**What to do:** Exclude the pictures and reproduce the remaining data exactly as written.

Collected data Start Marker

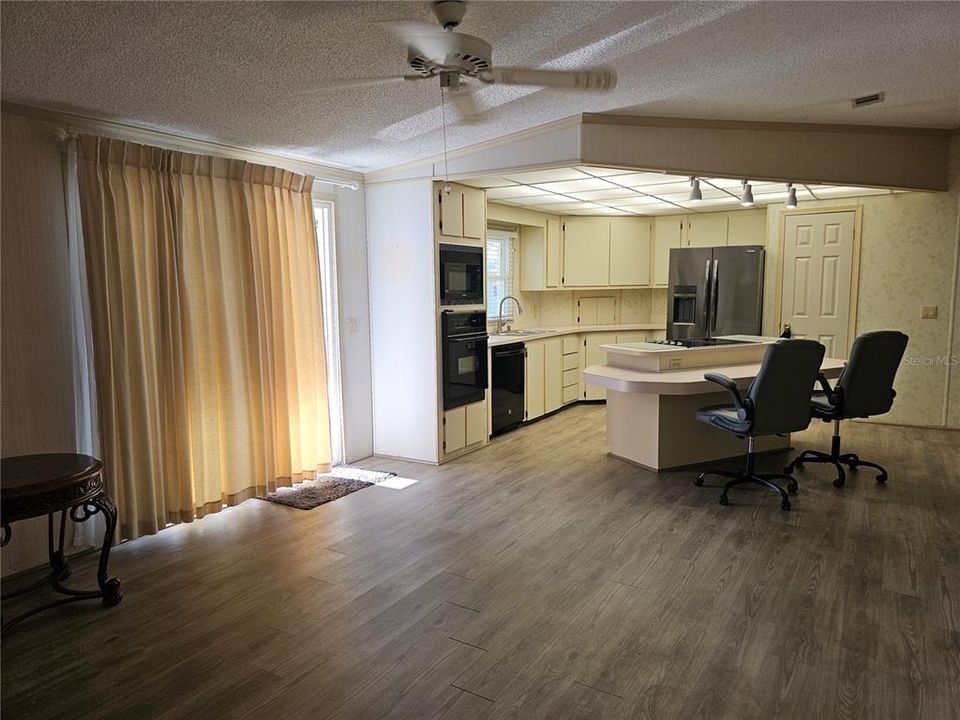 For Sale: $259,900 (2 beds, 2 baths, 1573 Square Feet)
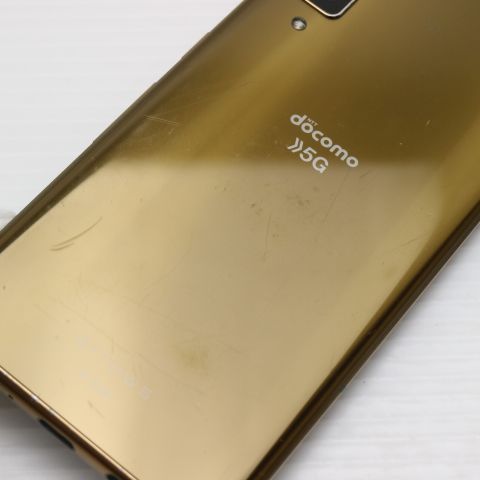 富士通 - 新品同様 F-52A arrows NX9 ゴールド Amazon | 【整備済み品】 arrows NX9 F-52A ゴールド docomo版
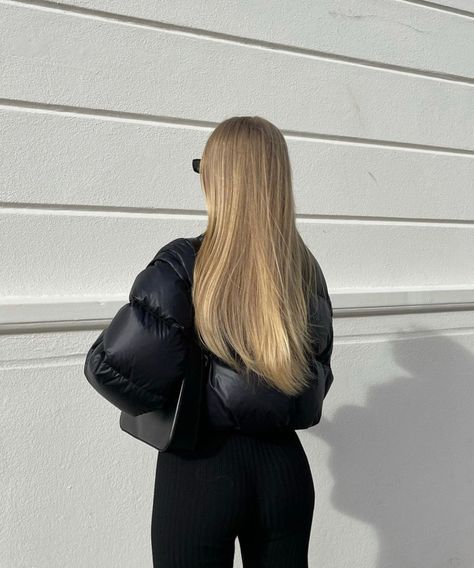 Ootd Outdoor, Clothes Brown, Blonde Hair Goals, Top Aesthetic, Black Puffer Jacket, Luxury Hair, Instagram Photo Inspiration, Black Puffer, Style Photography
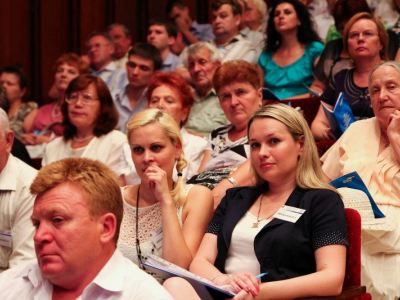 Александра Ефремова еще на года избрали председателем Луганской облорганизации Партии регионов фото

Collected data End Marker

**Solution to the problem:**
 For Sale: $259,900 (2 beds, 2 baths, 1573 Square Feet)
 富士通 - 新品同様 F-52A arrows NX9 ゴールド Amazon | 【整備済み品】 arrows NX9 F-52A ゴールド docomo版
 Ootd Outdoor, Clothes Brown, Blonde Hair Goals, Top Aesthetic, Black Puffer Jacket, Luxury Hair, Instagram Photo Inspiration, Black Puffer, Style Photography
 Александра Ефремова еще на года избрали председателем Луганской облорганизации Партии регионов фото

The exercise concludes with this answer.